Under a new bill from Sen. Patty Murray (D-WA), liberals want to re-impose the ObamaCare mandate on the same family businesses the justices just exempted. Murray’s cleverly named Protect Women’s Health from Corporate Interference Act would make companies the ideological hostages of the federal government, ordering them to ignore their deeply held religious beliefs on contraception and abortifacients or pay crippling fines. And they’ll resort to outright lies to do it. Last week, House Minority Leader Nancy Pelosi (D-CA) showed shades of desperation when she wrongly implied that the justices had outlawed birth control altogether.

“Really, we should be afraid of this court,” she insisted. “The five guys who start determining what contraceptions are legal.” It was the kind of whopper that makes Pinocchio look honest. At the prompting of Fox News’s Megyn Kelly, even PolitiFact wouldn’t let Pelosi off the hook. Using its truth-o-meter, the media’s referee called the California Democrat’s statement patently “false.”

And of course the irony, as Megyn points out, is that Pelosi is guilty of the same sexism she accused the Court of. “Does Ms. Pelosi think those justices were ill-equipped to fairly decide that case? Or is it only when a judge disagrees with Ms. Pelosi that his gender is an issue?” Pelosi’s office, which was on clean-up duty after PolitiFact’s reading, insisted the Minority Leader “misspoke.” Of course, had a conservative male “misspoken” like Pelosi, we all know how that story would have ended.

In the meantime, birth control won’t solve the problems in the Middle East, grow the GDP, or create jobs. Unfortunately, that doesn’t seem to matter to the president’s party, who seems content to chuck the country’s real priorities for its own political gain.

 

Senate Voting Record: Abortifacient Mandate

Cloture Motion to bring S-2578 to a vote – Murray/Reid bill to Overturn Hobby Lobby Ruling – July 16, 2014 – Failed – 56-43 (needing 60) (Democrats in italics; “Independents” marked with “I”)

Voting “no”/pro-Life/pro-religious-freedom: Sessions & Shelby/AL, Flake & McCain/AZ, Boozman/AR, Rubio/FL, Chambliss & Isakson/GA, Crapo & Risch/ID, Coats/IN, Grassley/IA, Moran & Roberts/KS, McConnell & Paul/KY, Vitter/LA, Cochran & Wicker/MS, Blunt/MO, Fischer & Johanns/NE, Heller & Reid/NV, Ayotte/NH, Burr/NC, Hoeven/ND, Portman/OH, Coburn & Inhofe/OK, Toomey/PA, Graham & Scott/SC, Thune/SD, Alexander & Corker/TN, Cornyn & Cruz/TX, Hatch & Lee/UT, Johnson/WI, and Barrasso & Enzi/WY.

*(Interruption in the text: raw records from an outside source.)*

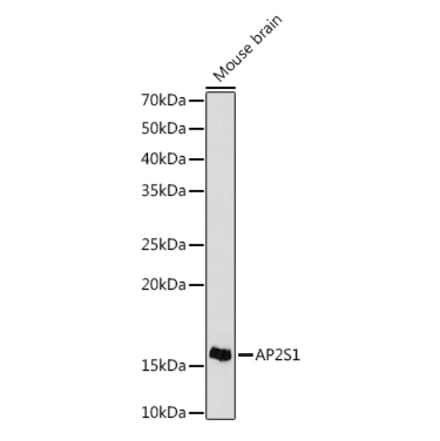 Western Blot - Anti-AP2S1 Antibody [ARC1500] (A307443) - Antibodies.com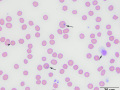 Siderocytes & Heinz bodies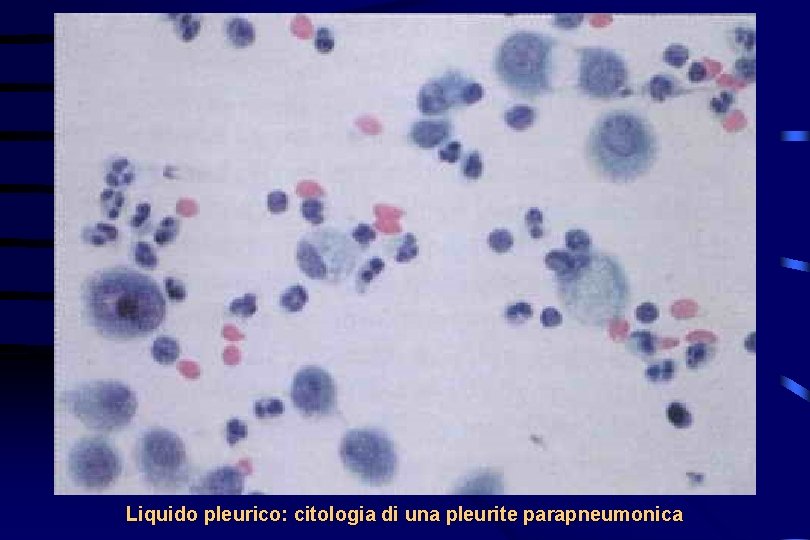 Liquido pleurico: citologia di una pleurite parapneumonica 
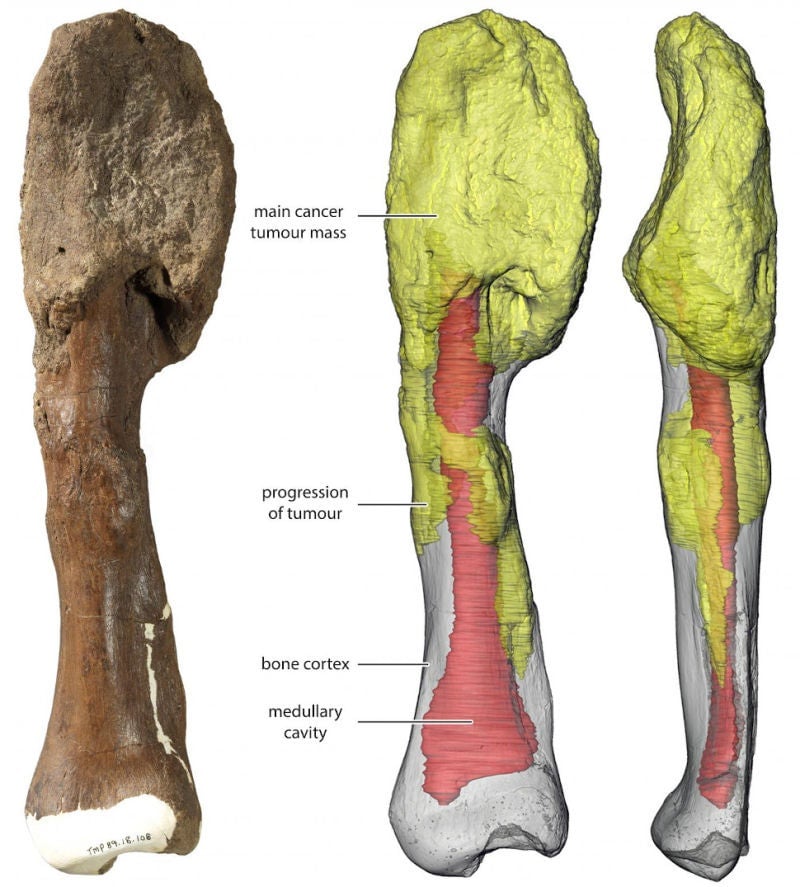 La masa tumoral principal está en la parte superior del hueso y se puede ver en la reconstrucción 3D en amarillo; rojo gris es el hueso normal y rojo denota la cavidad medular.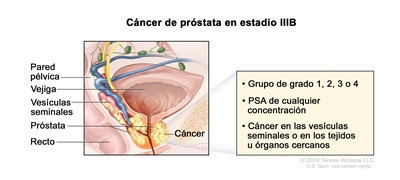 Cáncer de próstata en estadio IIIB. En la imagen se observa cáncer que se diseminó de la próstata a las vesículas seminales y al tejido cercano. El PSA es de cualquier concentración y el grupo de grado es 1, 2, 3 o 4. También se muestran la pared pélvica, la vejiga y el recto.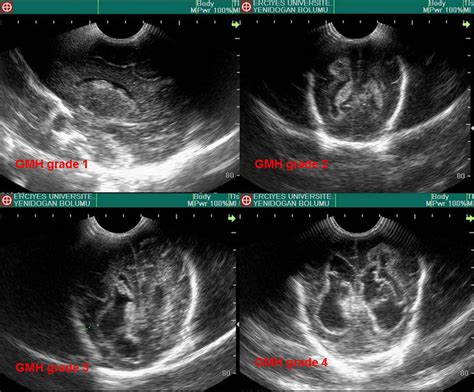 Ultrasound images with the classification of Papile et al. | Download ...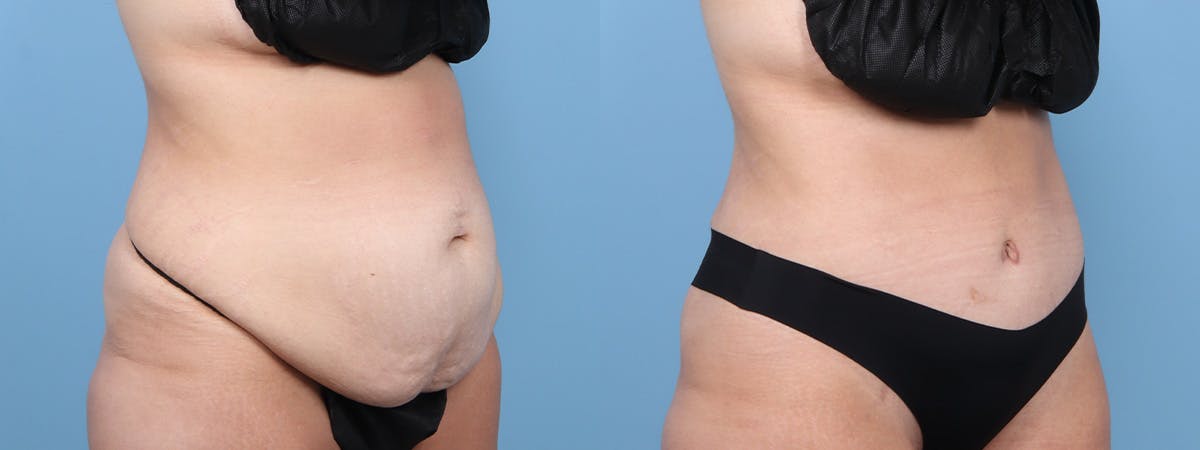 Tummy Tuck Before & After Gallery - Patient 222366 - Image 2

Voting “yes”/anti-Life/anti-religious-freedom: Begich & Murkowski/AK, Pryor/AR, Boxer & Feinstein/CA, Bennet & Udall/CO, Blumenthal & Murphy/CT, Carper & Coons/DE, Nelson/FL, Hirono/HI, Durbin & Kirk/IL, Donnelly/IN, Harkin/IA, Landrieu/LA, Collins & King(I)/ME, Cardin & Mikulski/MD, Markey & Warren/MA, Levin & Stabenow/MI, Klobuchar & Franken/MN, McCaskill/MO, Tester & Walsh/MT, Shaheen/NJ, Booker & Menendez/NJ, Heinrich & Udall/NM, Gillibrand & Schumer/NY, Hagan/NC, Heitkamp/ND, Brown/OH, Merkley & Wyden/OR, Casey/PA, Reed & Whitehouse/RI, Johnson/SD, Leahy & Sanders(I)/VT, Kaine & Warner/VA, Cantwell & Murray/WA, Manchin & Rockefeller/WV, and Baldwin/WI.

Not voting: Schatz/HI.

[Life Advocacy Briefing editor’s note: Senate Majority Leader Harry Reid was actually a moving force behind this measure and its cloture motion; it was Sen. Reid who chose to put this bill on a fast-track, bypassing committee and putting this proposal to an immediate vote ahead of pressing matters of government. The sole reason for his vote against the cloture motion was a parliamentary maneuver to qualify him to later pose a motion to reconsider the vote by which this motion lost. Though he is listed along with Senators who voted “pro-life” in voting “no” on cloture, his vote should not be read that way.]